<<<<

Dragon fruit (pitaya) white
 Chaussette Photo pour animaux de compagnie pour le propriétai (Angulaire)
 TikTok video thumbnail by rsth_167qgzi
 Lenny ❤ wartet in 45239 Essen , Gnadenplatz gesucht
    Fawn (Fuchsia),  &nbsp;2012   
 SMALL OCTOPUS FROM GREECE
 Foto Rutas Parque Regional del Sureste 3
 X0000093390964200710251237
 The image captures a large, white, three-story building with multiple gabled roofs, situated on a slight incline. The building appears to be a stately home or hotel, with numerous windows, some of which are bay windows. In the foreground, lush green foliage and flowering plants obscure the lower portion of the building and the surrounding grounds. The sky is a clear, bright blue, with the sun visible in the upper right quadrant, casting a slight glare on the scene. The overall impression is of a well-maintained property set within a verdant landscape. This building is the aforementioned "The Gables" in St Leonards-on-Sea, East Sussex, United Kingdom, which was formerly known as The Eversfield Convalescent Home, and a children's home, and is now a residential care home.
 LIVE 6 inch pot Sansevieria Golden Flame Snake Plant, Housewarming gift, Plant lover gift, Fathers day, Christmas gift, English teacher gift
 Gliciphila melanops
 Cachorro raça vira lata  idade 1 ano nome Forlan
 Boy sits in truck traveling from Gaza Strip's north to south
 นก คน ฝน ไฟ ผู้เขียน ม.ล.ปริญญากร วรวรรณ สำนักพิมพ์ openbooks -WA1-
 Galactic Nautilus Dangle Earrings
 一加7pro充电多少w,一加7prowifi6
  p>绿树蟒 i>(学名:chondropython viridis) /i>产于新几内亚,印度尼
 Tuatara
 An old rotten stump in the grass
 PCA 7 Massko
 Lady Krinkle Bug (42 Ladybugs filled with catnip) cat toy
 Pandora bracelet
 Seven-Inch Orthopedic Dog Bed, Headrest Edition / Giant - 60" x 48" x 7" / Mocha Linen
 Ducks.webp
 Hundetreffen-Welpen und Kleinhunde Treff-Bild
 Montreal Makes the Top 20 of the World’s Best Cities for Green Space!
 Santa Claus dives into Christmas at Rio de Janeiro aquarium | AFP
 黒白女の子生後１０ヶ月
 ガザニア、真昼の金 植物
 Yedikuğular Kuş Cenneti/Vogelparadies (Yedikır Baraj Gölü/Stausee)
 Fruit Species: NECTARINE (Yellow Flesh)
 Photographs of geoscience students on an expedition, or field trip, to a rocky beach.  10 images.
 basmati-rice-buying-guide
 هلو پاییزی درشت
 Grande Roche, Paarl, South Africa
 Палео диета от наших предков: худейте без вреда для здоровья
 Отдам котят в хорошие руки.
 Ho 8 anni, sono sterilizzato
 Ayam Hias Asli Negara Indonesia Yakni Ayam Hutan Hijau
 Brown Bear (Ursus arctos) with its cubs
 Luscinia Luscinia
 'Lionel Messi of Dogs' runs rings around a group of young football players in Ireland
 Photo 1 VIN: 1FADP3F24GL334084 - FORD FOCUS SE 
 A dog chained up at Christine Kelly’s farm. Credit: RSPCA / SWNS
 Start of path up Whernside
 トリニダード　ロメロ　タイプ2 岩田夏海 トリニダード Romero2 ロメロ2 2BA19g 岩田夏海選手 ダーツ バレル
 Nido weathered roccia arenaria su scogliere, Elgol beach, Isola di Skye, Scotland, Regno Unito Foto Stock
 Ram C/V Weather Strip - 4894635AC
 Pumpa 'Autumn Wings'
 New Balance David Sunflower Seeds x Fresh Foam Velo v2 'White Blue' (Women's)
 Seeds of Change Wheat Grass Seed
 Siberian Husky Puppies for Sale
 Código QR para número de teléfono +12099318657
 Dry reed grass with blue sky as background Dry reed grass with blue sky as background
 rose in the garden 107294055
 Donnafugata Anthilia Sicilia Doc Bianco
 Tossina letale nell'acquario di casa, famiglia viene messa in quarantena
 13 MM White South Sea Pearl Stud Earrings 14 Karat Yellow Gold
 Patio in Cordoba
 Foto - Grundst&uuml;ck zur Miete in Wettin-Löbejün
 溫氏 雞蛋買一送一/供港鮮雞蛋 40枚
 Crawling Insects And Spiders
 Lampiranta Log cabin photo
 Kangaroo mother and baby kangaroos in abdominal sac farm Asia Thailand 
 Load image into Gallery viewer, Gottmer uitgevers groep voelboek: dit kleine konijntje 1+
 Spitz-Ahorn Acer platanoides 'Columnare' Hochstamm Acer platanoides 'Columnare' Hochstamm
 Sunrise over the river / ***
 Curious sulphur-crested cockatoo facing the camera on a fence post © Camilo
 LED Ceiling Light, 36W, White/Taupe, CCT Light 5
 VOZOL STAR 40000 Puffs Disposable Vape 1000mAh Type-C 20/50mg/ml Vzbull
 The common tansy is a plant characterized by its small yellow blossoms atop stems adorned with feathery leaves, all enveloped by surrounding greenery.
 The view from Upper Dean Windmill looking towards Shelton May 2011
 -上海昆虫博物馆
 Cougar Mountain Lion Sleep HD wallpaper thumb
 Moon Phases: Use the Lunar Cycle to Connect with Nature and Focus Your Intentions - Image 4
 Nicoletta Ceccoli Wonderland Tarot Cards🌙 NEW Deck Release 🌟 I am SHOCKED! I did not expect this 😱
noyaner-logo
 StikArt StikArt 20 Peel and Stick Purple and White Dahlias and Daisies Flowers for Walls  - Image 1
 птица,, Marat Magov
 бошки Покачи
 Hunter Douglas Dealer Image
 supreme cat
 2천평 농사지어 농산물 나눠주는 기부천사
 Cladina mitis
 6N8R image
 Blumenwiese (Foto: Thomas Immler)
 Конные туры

>>>>

[ASSIGNED TASK]
Return the full listing unchanged.

[EXERCISE RESULT]
Dragon fruit (pitaya) white
 Chaussette Photo pour animaux de compagnie pour le propriétai (Angulaire)
 TikTok video thumbnail by rsth_167qgzi
 Lenny ❤ wartet in 45239 Essen , Gnadenplatz gesucht
    Fawn (Fuchsia),  &nbsp;2012   
 SMALL OCTOPUS FROM GREECE
 Foto Rutas Parque Regional del Sureste 3
 X0000093390964200710251237
 The image captures a large, white, three-story building with multiple gabled roofs, situated on a slight incline. The building appears to be a stately home or hotel, with numerous windows, some of which are bay windows. In the foreground, lush green foliage and flowering plants obscure the lower portion of the building and the surrounding grounds. The sky is a clear, bright blue, with the sun visible in the upper right quadrant, casting a slight glare on the scene. The overall impression is of a well-maintained property set within a verdant landscape. This building is the aforementioned "The Gables" in St Leonards-on-Sea, East Sussex, United Kingdom, which was formerly known as The Eversfield Convalescent Home, and a children's home, and is now a residential care home.
 LIVE 6 inch pot Sansevieria Golden Flame Snake Plant, Housewarming gift, Plant lover gift, Fathers day, Christmas gift, English teacher gift
 Gliciphila melanops
 Cachorro raça vira lata  idade 1 ano nome Forlan
 Boy sits in truck traveling from Gaza Strip's north to south
 นก คน ฝน ไฟ ผู้เขียน ม.ล.ปริญญากร วรวรรณ สำนักพิมพ์ openbooks -WA1-
 Galactic Nautilus Dangle Earrings
 一加7pro充电多少w,一加7prowifi6
  p>绿树蟒 i>(学名:chondropython viridis) /i>产于新几内亚,印度尼
 Tuatara
 An old rotten stump in the grass
 PCA 7 Massko
 Lady Krinkle Bug (42 Ladybugs filled with catnip) cat toy
 Pandora bracelet
 Seven-Inch Orthopedic Dog Bed, Headrest Edition / Giant - 60" x 48" x 7" / Mocha Linen
 Ducks.webp
 Hundetreffen-Welpen und Kleinhunde Treff-Bild
 Montreal Makes the Top 20 of the World’s Best Cities for Green Space!
 Santa Claus dives into Christmas at Rio de Janeiro aquarium | AFP
 黒白女の子生後１０ヶ月
 ガザニア、真昼の金 植物
 Yedikuğular Kuş Cenneti/Vogelparadies (Yedikır Baraj Gölü/Stausee)
 Fruit Species: NECTARINE (Yellow Flesh)
 Photographs of geoscience students on an expedition, or field trip, to a rocky beach.  10 images.
 basmati-rice-buying-guide
 هلو پاییزی درشت
 Grande Roche, Paarl, South Africa
 Палео диета от наших предков: худейте без вреда для здоровья
 Отдам котят в хорошие руки.
 Ho 8 anni, sono sterilizzato
 Ayam Hias Asli Negara Indonesia Yakni Ayam Hutan Hijau
 Brown Bear (Ursus arctos) with its cubs
 Luscinia Luscinia
 'Lionel Messi of Dogs' runs rings around a group of young football players in Ireland
 Photo 1 VIN: 1FADP3F24GL334084 - FORD FOCUS SE 
 A dog chained up at Christine Kelly’s farm. Credit: RSPCA / SWNS
 Start of path up Whernside
 トリニダード　ロメロ　タイプ2 岩田夏海 トリニダード Romero2 ロメロ2 2BA19g 岩田夏海選手 ダーツ バレル
 Nido weathered roccia arenaria su scogliere, Elgol beach, Isola di Skye, Scotland, Regno Unito Foto Stock
 Ram C/V Weather Strip - 4894635AC
 Pumpa 'Autumn Wings'
 New Balance David Sunflower Seeds x Fresh Foam Velo v2 'White Blue' (Women's)
 Seeds of Change Wheat Grass Seed
 Siberian Husky Puppies for Sale
 Código QR para número de teléfono +12099318657
 Dry reed grass with blue sky as background Dry reed grass with blue sky as background
 rose in the garden 107294055
 Donnafugata Anthilia Sicilia Doc Bianco
 Tossina letale nell'acquario di casa, famiglia viene messa in quarantena
 13 MM White South Sea Pearl Stud Earrings 14 Karat Yellow Gold
 Patio in Cordoba
 Foto - Grundst&uuml;ck zur Miete in Wettin-Löbejün
 溫氏 雞蛋買一送一/供港鮮雞蛋 40枚
 Crawling Insects And Spiders
 Lampiranta Log cabin photo
 Kangaroo mother and baby kangaroos in abdominal sac farm Asia Thailand 
 Load image into Gallery viewer, Gottmer uitgevers groep voelboek: dit kleine konijntje 1+
 Spitz-Ahorn Acer platanoides 'Columnare' Hochstamm Acer platanoides 'Columnare' Hochstamm
 Sunrise over the river / ***
 Curious sulphur-crested cockatoo facing the camera on a fence post © Camilo
 LED Ceiling Light, 36W, White/Taupe, CCT Light 5
 VOZOL STAR 40000 Puffs Disposable Vape 1000mAh Type-C 20/50mg/ml Vzbull
 The common tansy is a plant characterized by its small yellow blossoms atop stems adorned with feathery leaves, all enveloped by surrounding greenery.
 The view from Upper Dean Windmill looking towards Shelton May 2011
 -上海昆虫博物馆
 Cougar Mountain Lion Sleep HD wallpaper thumb
 Moon Phases: Use the Lunar Cycle to Connect with Nature and Focus Your Intentions - Image 4
 Nicoletta Ceccoli Wonderland Tarot Cards🌙 NEW Deck Release 🌟 I am SHOCKED! I did not expect this 😱
noyaner-logo
 StikArt StikArt 20 Peel and Stick Purple and White Dahlias and Daisies Flowers for Walls  - Image 1
 птица,, Marat Magov
 бошки Покачи
 Hunter Douglas Dealer Image
 supreme cat
 2천평 농사지어 농산물 나눠주는 기부천사
 Cladina mitis
 6N8R image
 Blumenwiese (Foto: Thomas Immler)
 Конные туры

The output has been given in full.